Larry Charles Reynolds was charged with the crime of Murder in the .First Degree in the District Court, Comanche County, Case No. CRF-76-725. He was convicted of Manslaughter in the First Degree and sentenced to twenty (20) years’ imprisonment. On appeal, he has challenged the jury instructions and further complains that the State was allowed to impeach its own witnesses.

The following facts are undisputed. The appellant and his estranged wife, Sandra Reynolds, were at a party at Robinson’s Landing, Lake Lawtonka, on September 5, 1976. Mrs. Reynolds came to the party with another man, and the appellant was accompanied by another woman, Ms. Lake. During the evening, the appellant engaged in drunken horseplay and fired a pistol into the air. The third time he fired the pistol his wife was struck and killed. Following the shooting, the appellant and Ms. Lake left the party in the car in which Mrs. Reynolds’ body had been placed on the back seat. While driving they were stopped for a traffic violation by a Comanche County Deputy Sheriff, who saw the decedent lying in the back seat with blood on her chest.

The State attempted to prove that the homicide was premeditated. The prosecutor introduced evidence of an argument between the appellant and the decedent the night before the shooting. The State’s witness Marcia Colyer testified that during the evening in question the appellant stated that if he could not have his wife, then no one could.

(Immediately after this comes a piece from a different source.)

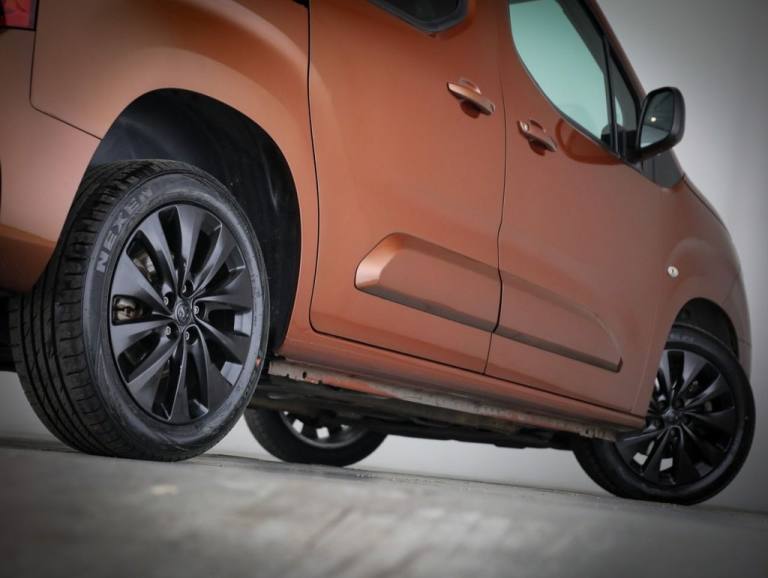 2021 Vauxhall Combo Life 1.2 Turbo 130 Elite 5dr Auto [7 seat] MPV PETROL Automatic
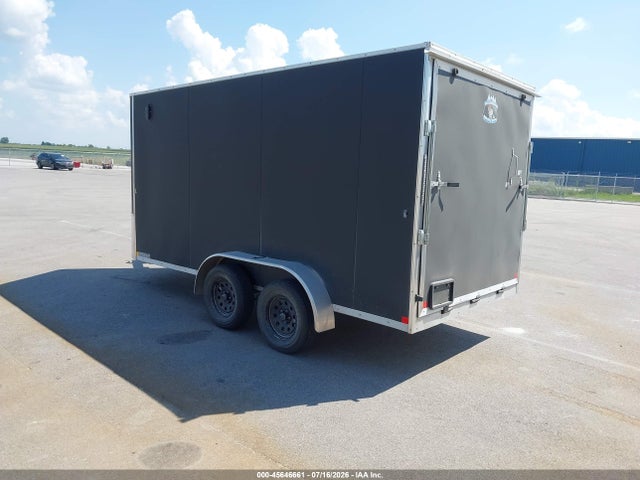 R And M Enclosed Trailer 2025 55ZR1EB27S1013236 Image 3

Although the appellant admitted holding the gun at the time his wife was shot, he introduced evidence to show that the shooting was accidental. The appellant testified that at the time of the fatal shot he had intended to fire the pistol into the air again, but his hand was grabbed by Dale Brooks *1360 and the gun discharged, striking Mrs. Reynolds. The testimony of Dale Brooks substantially corroborated that of the appellant. However, the State introduced evidence that the appellant’s hand was grabbed after the shot was fired, rather than before. Other evidence by the defense indicated a compatible relationship between the appellant and his wife, both before the incident and on the evening of the homicide.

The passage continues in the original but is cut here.